Son Scott, is an A-plus tennis player and hopes to be nationally ranked. Seeman, like any concerned father, hopes he will choose a less transitory career.
Later in the spring his son will act as superintendent of construction of a private house; perhaps that will be the start of a new career.
Fourth offspring, Janine, is an accounting and finance student at the University of Michigan.
Seeman’s wife, and mother of this brood, is Lee (Sachs) Seeman, a member of the executive committee of the N.Y. State Democratic party. As Seeman says with a wry smile, “Not unusually, I am called ‘Mr.
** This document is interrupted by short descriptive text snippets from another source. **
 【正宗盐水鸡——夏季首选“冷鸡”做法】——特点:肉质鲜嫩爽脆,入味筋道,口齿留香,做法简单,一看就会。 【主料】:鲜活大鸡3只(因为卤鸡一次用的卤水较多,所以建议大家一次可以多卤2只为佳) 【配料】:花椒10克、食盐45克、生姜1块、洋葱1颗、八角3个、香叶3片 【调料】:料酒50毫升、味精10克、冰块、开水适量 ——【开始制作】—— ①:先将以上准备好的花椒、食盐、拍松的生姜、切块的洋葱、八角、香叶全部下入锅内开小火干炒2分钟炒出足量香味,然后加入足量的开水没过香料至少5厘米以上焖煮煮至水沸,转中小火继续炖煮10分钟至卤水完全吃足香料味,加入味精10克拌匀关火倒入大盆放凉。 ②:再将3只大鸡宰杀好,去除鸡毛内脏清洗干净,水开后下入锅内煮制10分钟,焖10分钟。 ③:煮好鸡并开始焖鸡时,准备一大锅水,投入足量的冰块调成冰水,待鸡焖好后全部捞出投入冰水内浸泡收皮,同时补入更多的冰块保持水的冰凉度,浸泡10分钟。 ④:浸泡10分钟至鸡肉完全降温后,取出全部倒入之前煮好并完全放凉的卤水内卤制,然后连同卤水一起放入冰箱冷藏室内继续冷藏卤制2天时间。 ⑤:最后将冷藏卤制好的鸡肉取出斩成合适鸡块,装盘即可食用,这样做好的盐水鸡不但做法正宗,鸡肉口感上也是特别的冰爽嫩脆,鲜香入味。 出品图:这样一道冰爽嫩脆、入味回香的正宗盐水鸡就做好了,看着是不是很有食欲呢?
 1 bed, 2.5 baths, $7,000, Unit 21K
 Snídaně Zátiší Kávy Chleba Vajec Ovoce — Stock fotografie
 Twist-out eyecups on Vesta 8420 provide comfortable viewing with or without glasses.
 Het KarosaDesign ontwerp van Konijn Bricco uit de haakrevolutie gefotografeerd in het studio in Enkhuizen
Lee.’”
The mayor is proud that his village was the first to take a stand against nuclear proliferation (see Up the Peninsula, 4/8/82).
He cites six other areas for peninsula-wide action.
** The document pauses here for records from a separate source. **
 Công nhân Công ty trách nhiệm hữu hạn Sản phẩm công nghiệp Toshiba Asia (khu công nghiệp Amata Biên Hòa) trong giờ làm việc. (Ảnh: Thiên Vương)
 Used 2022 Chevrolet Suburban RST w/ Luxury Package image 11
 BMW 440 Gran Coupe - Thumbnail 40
They are: acquisition of the Citizens Water Company by a public agency; formation of an effective civilian patrol for crime prevention; a constant watch on the environment and the prevention of dumping in Long Island South and other waterways; the establishment of a legitimate theater at the Playhouse; support for the Memorial Day parade by the community; and consumer action against constantly increasing utility rates.
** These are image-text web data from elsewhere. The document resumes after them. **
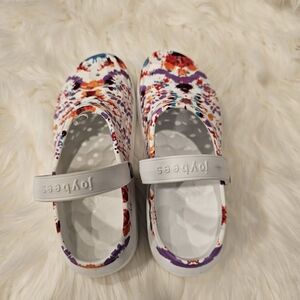 Joybees Women's Floral Colorful Sandals NWOT Size 6W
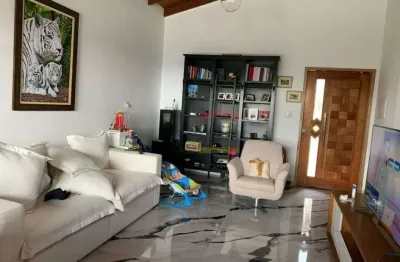 Casa a venda condomínio águas de são pedro em mairiporã.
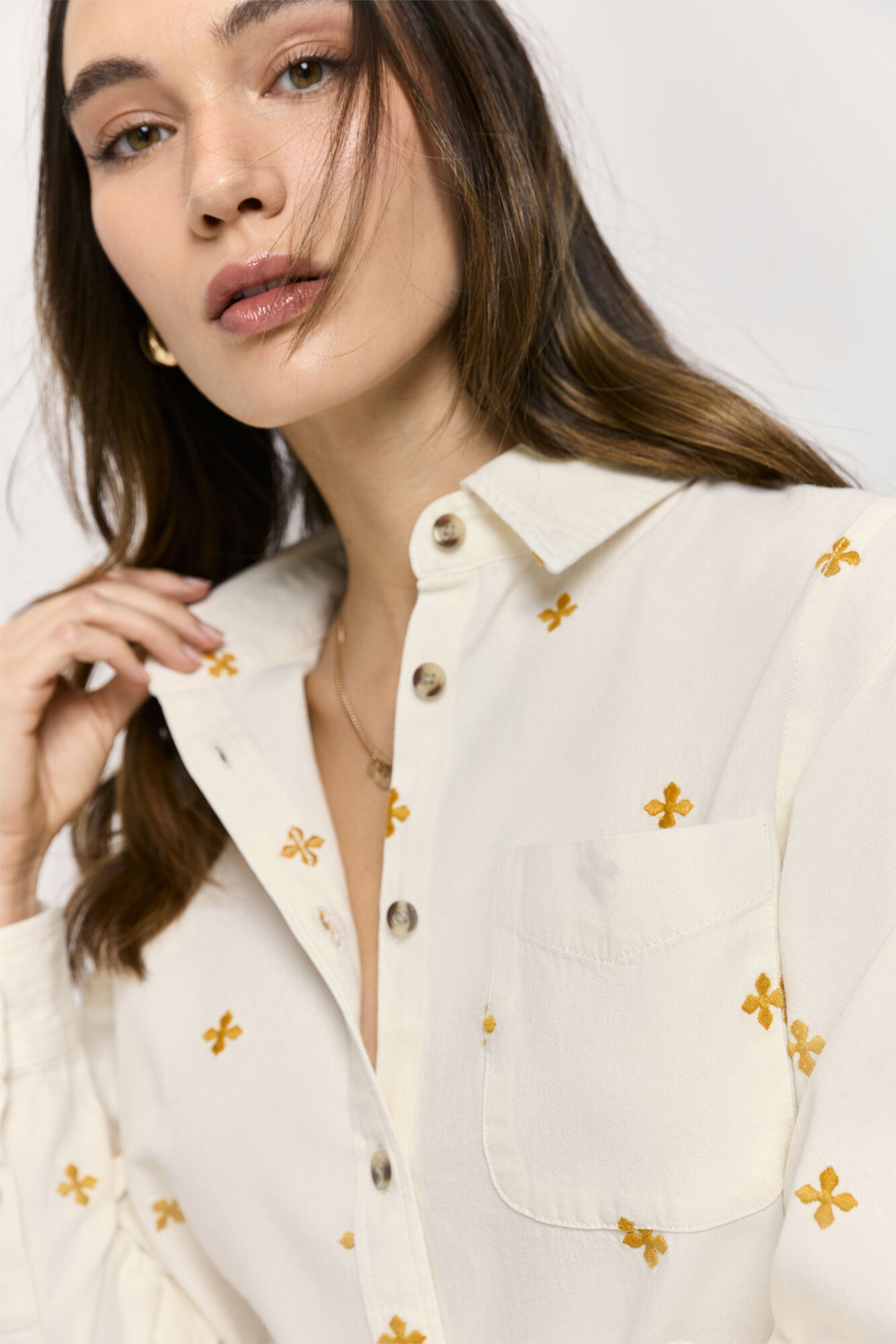 Milano Camisa con bordado de denim Marfil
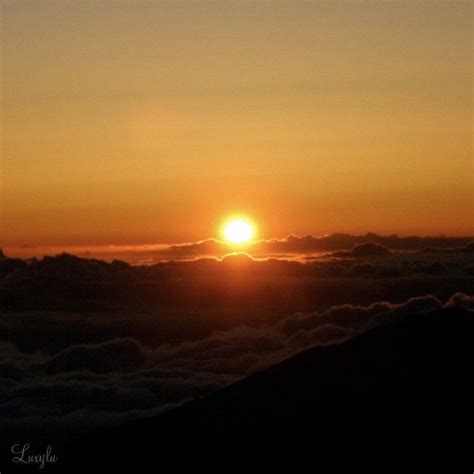 Mt. Haleakala sunrise - Maui, HI | Haleakala sunrise, Sunrise, Nature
As for future plans, Seeman is awaiting confirmation of his appointment by Governor Carey to the Pensions and Retirement Commission of the State of N.Y., a job which will not impinge upon time usually allotted to mayoral duties.
Said Seeman, reflectively, “My association with members of the board and with all residents of the village have really enriched me personally. I’ve tried to better my village and the entire Great Neck area.”